Network Norfolk : Hit by a bus


People often joke ‘you could be hit by a bus tomorrow’. But that is exactly what happened to one young mother, except she was also 33 weeks’ pregnant at the time – and it was no joke.


As she pulled on her coat one cold March morning in 2011, simply to fetch some lunch, 33 weeks’ pregnant Isla Monk, daughter of Brian and Elspeth Fawcett of Poringland near Norwich, had no idea that she wouldn’t be returning home until three months later.

 

Heading out, having spent the morning with husband Tim on preparations for their third child’s arrival, Isla was knocked down by a bus on a pedestrian crossing in the centre of Croydon, suffering life-threatening injuries. Traffic came to a standstill as Isla was pulled out and whisked by air ambulance to London’s major trauma centre at St George’s Hospital.

 

Tim, awaiting Isla’s return, saw the police car pull up outside their home.  The Police would only say “your wife has been in an accident, you need to come with us!”, he recalls. While gathering things together, he knew he could do with some help, so straightaway rang Isla’s mother, asking her to pray for her daughter and if she could come down from Norfolk.

 

An emergency C-section to still unconscious Isla soon saw tiny premature ‘Baby Girl Monk’ delivered and rushed down to the Special Care Baby Unit. For mum Isla, kept in intensive care for days, it became clear that apart from severe brain injury, a cracked skull and ribs, there was, miraculously, no other major damage or ongoing bleeding.  But the outlook would take weeks to assess – Isla was immobile, confused and suffering from big memory loss.

 

Family, friends and members from Beulah Family Church, which the couple attended, all rallied round swiftly and practically. One couple from the church came to comfort Tim as he waited outside the trauma theatre; Isla’s mother raced down from Poringland that afternoon, and father Brian flew back from Africa; a sister took the older children for a couple of days.

 

Meanwhile, home life needed to carry on without mum.  As Isla remained in hospital, Beulah church organised a meals rota and friends collected the older children from nursery and school.

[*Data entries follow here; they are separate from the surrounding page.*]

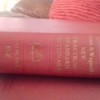 A Funk and Wagnalls dictionary with a red cover.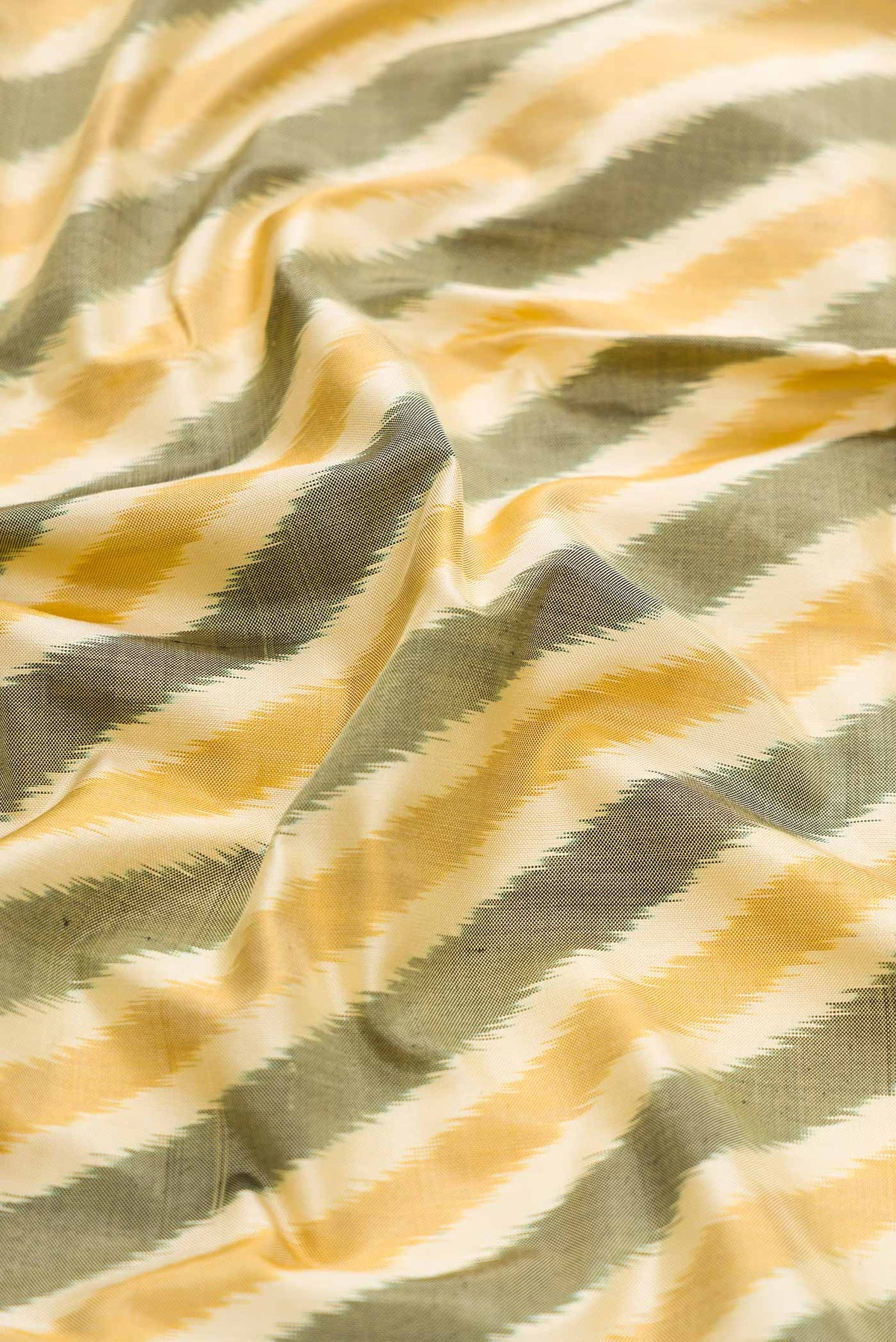 Close up of Sandal and Grey Color Double Ikat Saree with Ikat Print on the body and Zari Border displaying folds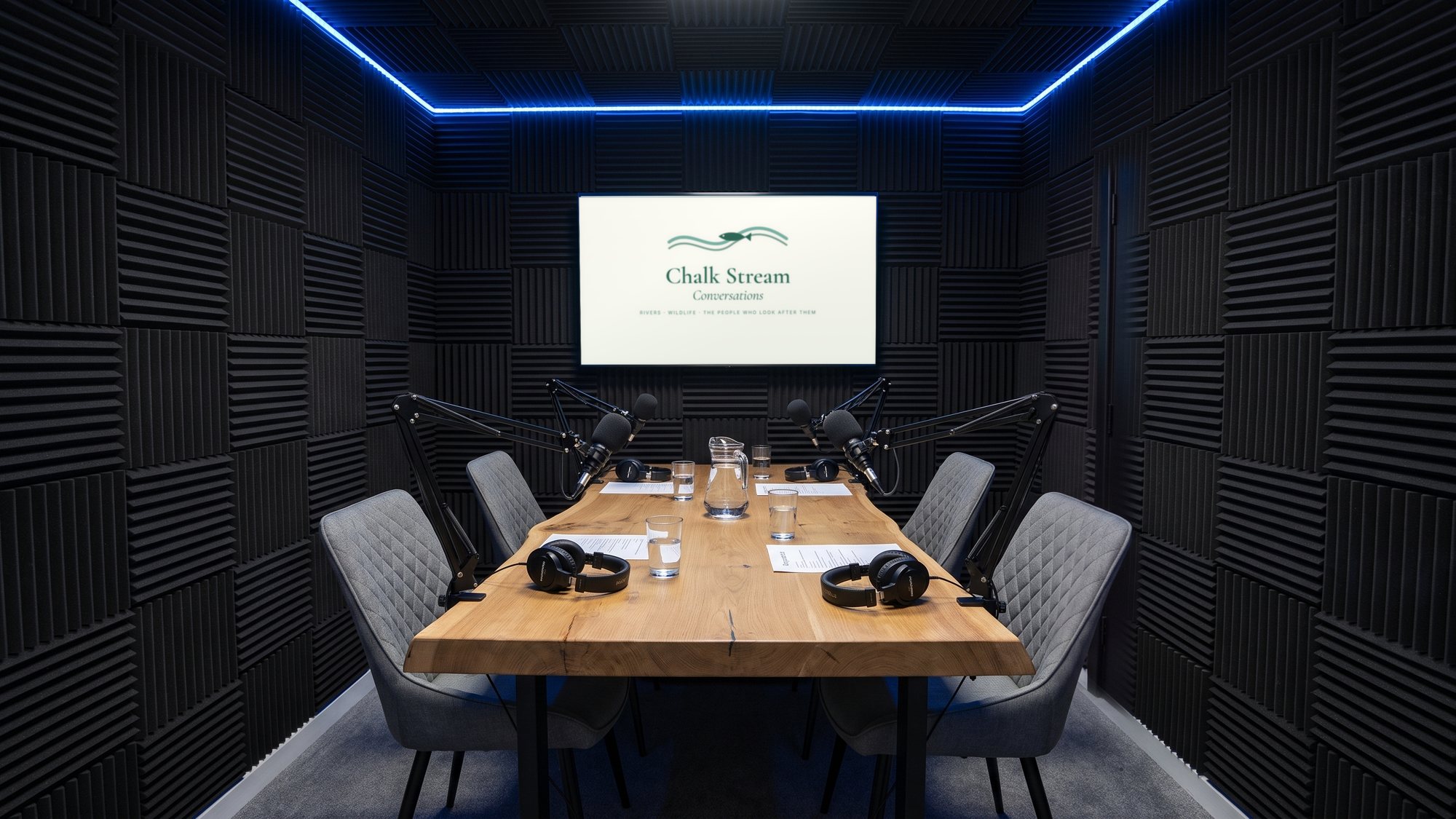 The podcast studio set for a four-person recording, the show card on the screen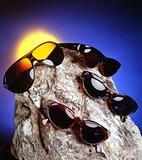 Four sunglasses over a nice stone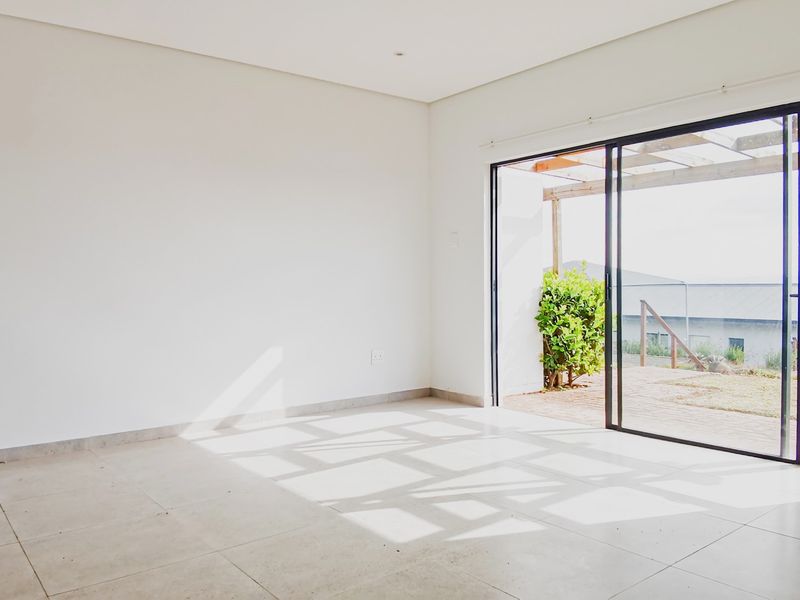 A bright, empty living room featuring large sliding glass doors that open onto an outdoor patio area with tiled flooring throughout.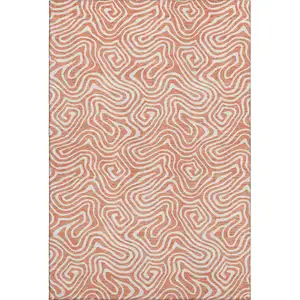 Photo of Salmon And Ivory Abstract Washable Area Rug With UV Protection
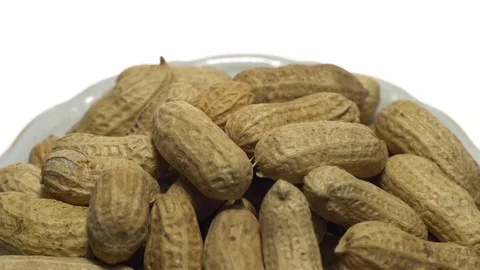 Raw Inshell Peanuts. Rotation. peanuts in shell. Snack closeup. Stock Footage 102280288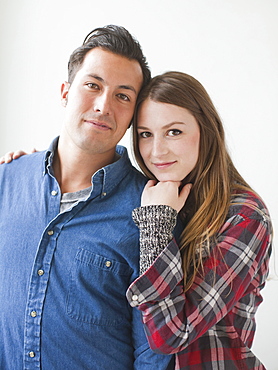 Studio Shot portrait of young couple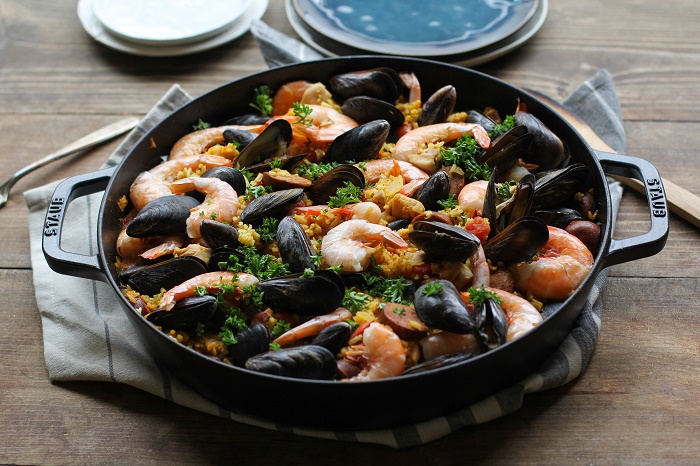 Seafood Paella with chicken, sausage, shrimp, and mussels - a delicious tapas recipe to serve to guests | TheRoastedRoot.net #healthy #dinner #recipe #spanish #glutenfree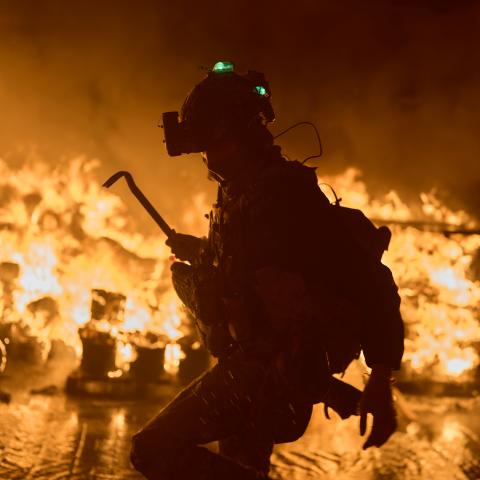 KYIV, UKRAINE - SEPTEMBER 08: Firefighters deal with the aftermath of a massive Russian missile and drone attack on September 8, 2026 in Kyiv, Ukraine. According to local authorities, the attack caused destruction and fires across at least five districts of the capital resulting in at least two fatalities and seven injuries. Air defense forces reported the interception of two ballistic missiles, 31 cruise missiles, and 142 drones. Debris strikes caused severe damage to residential buildings, warehouses, and
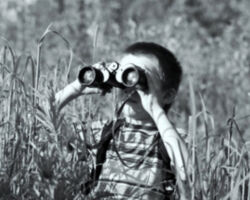 Temple with his first pair of binoculars. 1955. Photo by J. Temple.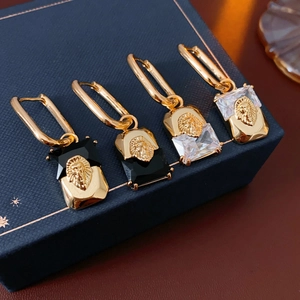 Detail view of vintage lion head earrings with rectangular black and clear zircons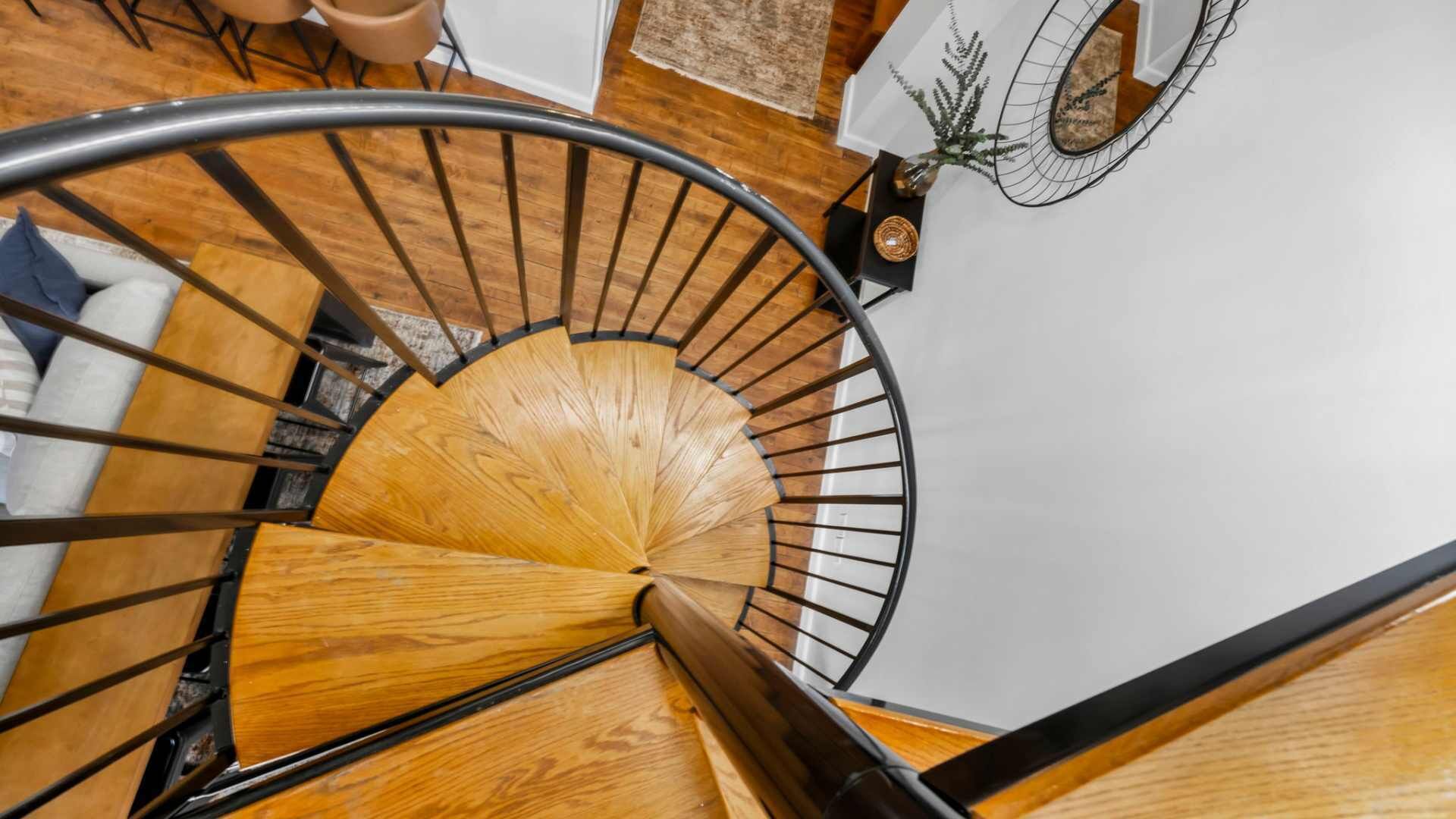Un escalier en colimaçon avec des marches en bois et des rampes en métal.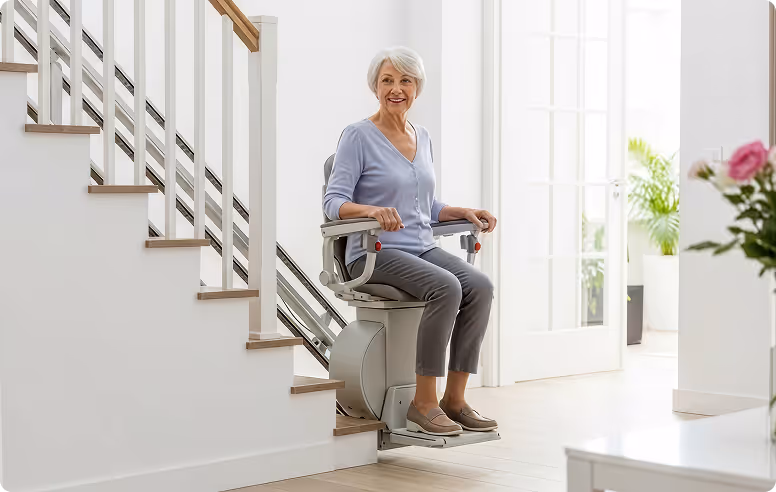 Elderly woman sitting on a stairlift at the bottom of a staircase in a bright home interior.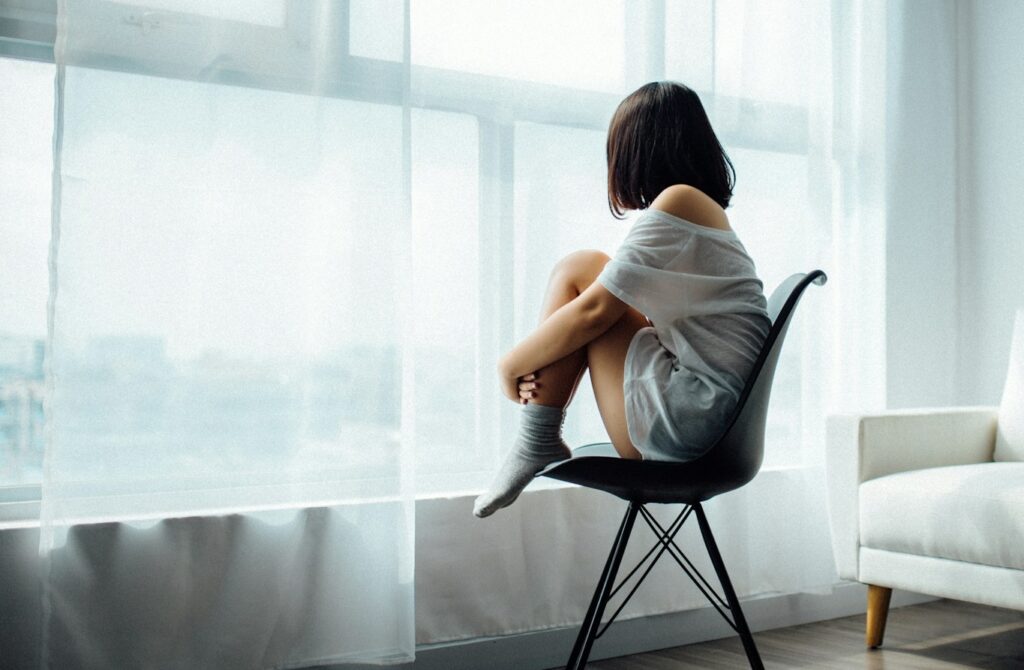 Seen from behind, a dark-haired woman in a white gown curls up in a chair and stares through a curtained window.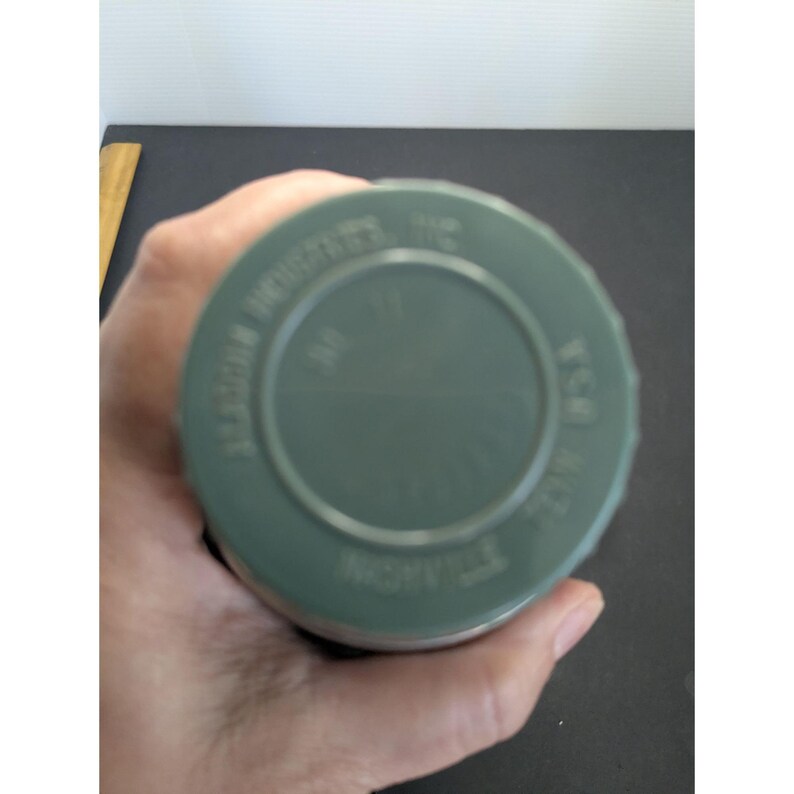 May include: A circular, olive green lid for a container featuring embossed text that reads ALADDIN INDUSTRIES INC, NASHVILLE TENN USA, and NO 19. The lid has a raised outer rim and a recessed center section, with a smooth, matte finish throughout.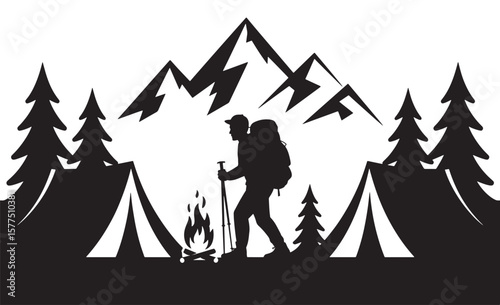 Silhouette of a hiker with backpack and campfire at mountains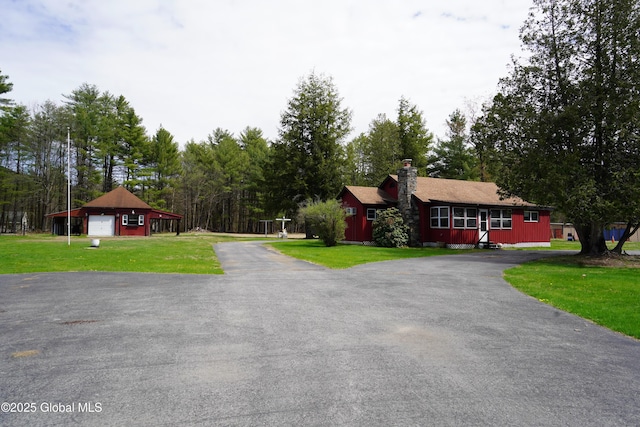 6222 Rte 9n, Hadley, NY 12835 - view of asphalt driveway with view of scattered trees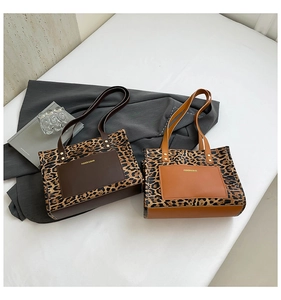 Detail of leopard print tote bags with front pockets and elegant gold fashion lettering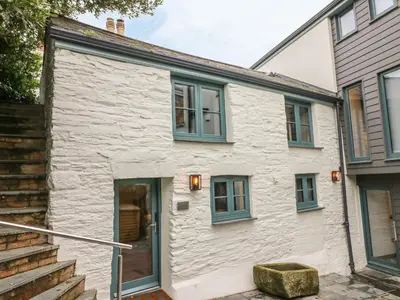a white stone house with blue windows and stairs at Lantern Cottage in Padstow
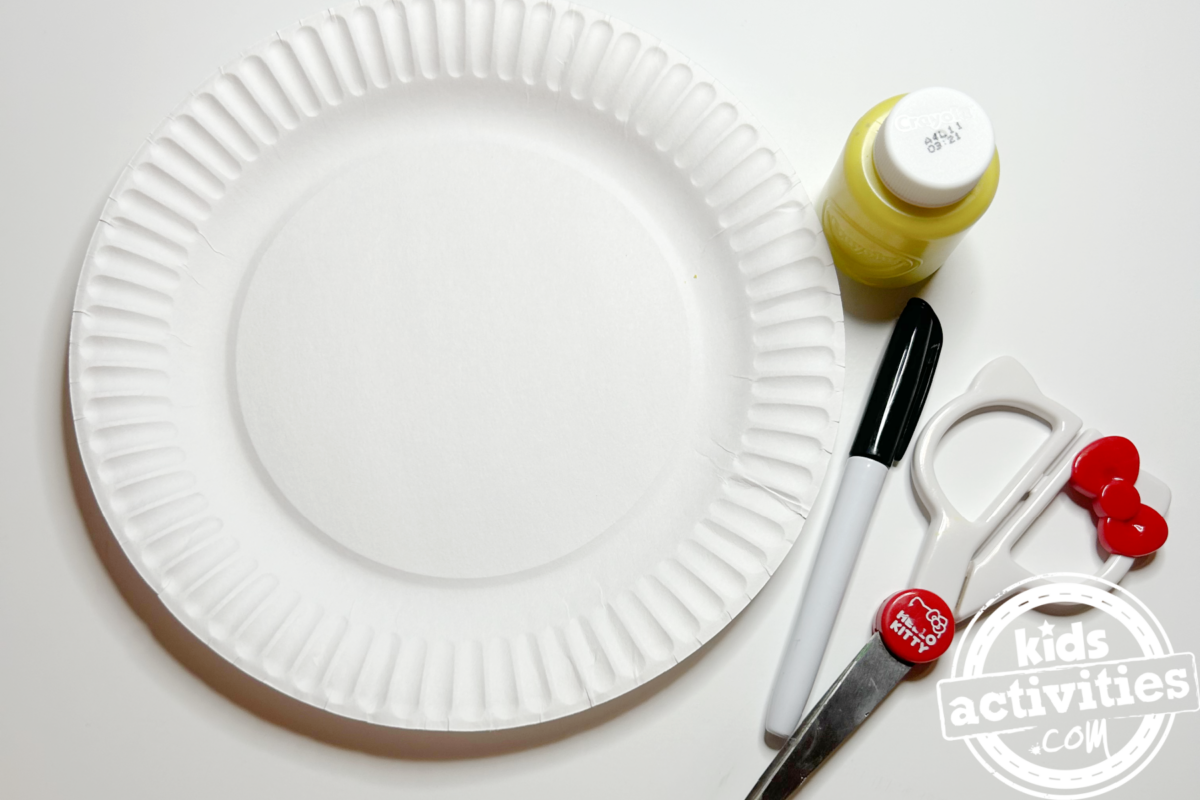 Fournitures nécessaires pour fabriquer une assiette en papier en forme de lune : une assiette en carton, de la peinture jaune, un feutre, des ciseaux et un pinceau - Blog d'activités pour enfants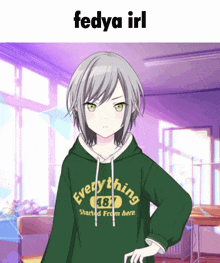 a girl wearing a green hoodie that says " everything 48 "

With the still-nameless Baby Girl Monk discharged after a fortnight, family cared for her at nights once Tim returned to work.

 

Grandparents Brian and Elspeth stayed for much of the next six months, camping in the front room, helping with children and home life, criss-crossing south London to visit their slowly recovering daughter.  “We just got on with it, – and God delivered,” they recall.

 

After a month of post-traumatic amnesia, Isla got a rare space at a specialist rehabilitation unit, where she re-learnt basic things like balancing, walking and talking with expression, before progressing to the domestic tasks such as cooking, shopping, baking and washing.

 

Within three months of the life-threatening accident, she was discharged to her family “for ever and ever” according to her delighted five-year-old daughter.

 

Finally, four months after the accident, the Christian couple named their daughter Sophie, after getting special dispensation from the registration authorities to delay until Isla could be involved in the decision.

 

When Isla, who attended Springwood High School in King’s Lynn and now lives in Cambridge, is asked: “Do you ever wonder why it should happen to you?” her reply is: “Why not me?”  She still cannot remember what happened, nor anything from the next three months. 

 

Today, new acquaintances would be unaware that the dynamic mother or colleague they meet had experienced such a dramatic incident and suffered such severe brain damage.

 

Talking about her experiences publicly for the first time, Isla said: “People say ‘you might get knocked down by a bus’….. I actually was, – but God has done an amazing thing for me. It’s such a privilege – I am still here!”

 

Pictured above are Isla and Sophie Monk.